Like when you're in the shoot when you're waiting to start. Just the, you have Hawkeye from. 96.3 hyping up the crowd. And then you have Logan Sherman hyping up the crowd and then you have the big screen and the music's going dark. There's somebody in there and seeing some stuff. Yeah.
Got And then [00:26:00] they're just hyping you up all like that atmosphere that, that pre-race, like it's the best I've ever seen out of any race.
Chris Detzel: That's a good point. You'd hope David had Luca on there, I guess that's ship
Ray Nichols: petition.
Chris Detzel: Yeah. I'll say this about that just because, it still stings, and it's obvious that it still stings, others doesn't make any sense. Doesn't make any sense. Dude, you didn't get anything for it, and why, anyways. No,
Ray Nichols: he, no, no future draft picks, no money.

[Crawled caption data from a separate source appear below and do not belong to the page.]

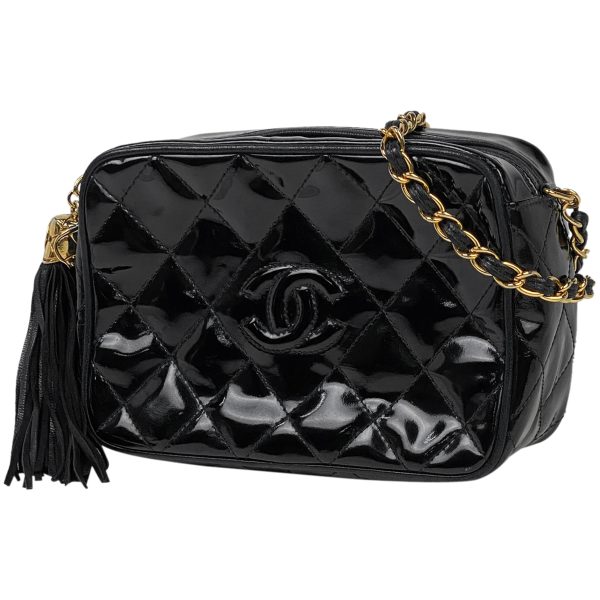 1000064870341 11 Chanel Cocomark Fringe Chain Shoulder Bag Tassel Matelasse Enamel Patent Leather Black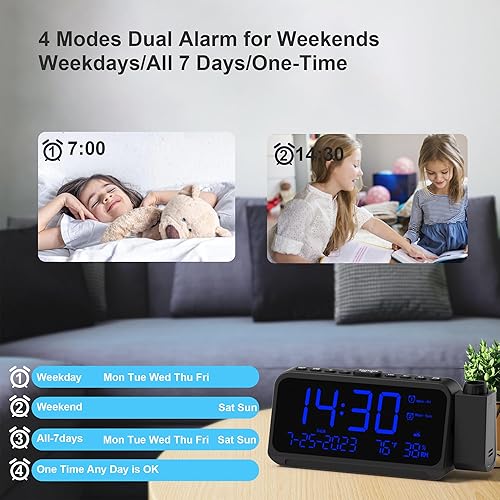 Miniatura 6 de Projection Alarm Clock for Bedroom with WeekdayWeekend Mode,Digital Clock with 350 Rotatable Projector,5-Level Dimmer,Adjustable Volume,Temp &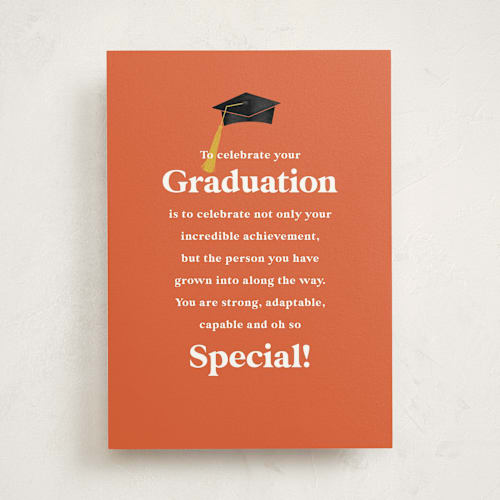 This is a ochre graduation cards with standard by Ashlee Townsend called celebrating you printing on signature in greeting cards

Like he, he just wasted at all.
Chris Detzel: Yeah it's dude, what are you thinking? You just wanna give the Lakers a star or something. I don't really get
Ray Nichols: that. Yeah, get LeBron gets his sixth string, but yeah, we digress. Digress.
Chris Detzel: How? All right, so what, let's fast forward then, because you did a lot of marathons and what was your best marathon and where was it?
Ray Nichols: Houston actually. At 2 48.
Chris Detzel: Okay.
Ray Nichols: Yeah.
Chris Detzel: And so did you, how much did you PR buy from that? [00:27:00]
Ray Nichols: What was the 15 minutes? Dude, you're like 15 minute pr
Chris Detzel: kinda a PR master now. Like you went from three 40 something to three. 10 or whatever
Ray Nichols: That training block was probably the best training block we had.
We were training, like I was training with some of the best athletes in DFW Maddie, Melanie, Jennifer Pope Brett Whittle jump in, Eric Brittle. Taylor Murphy, myself, and we would just we, I think we were training at least four days a week together. We were doing all our track workouts, tempos, long runs.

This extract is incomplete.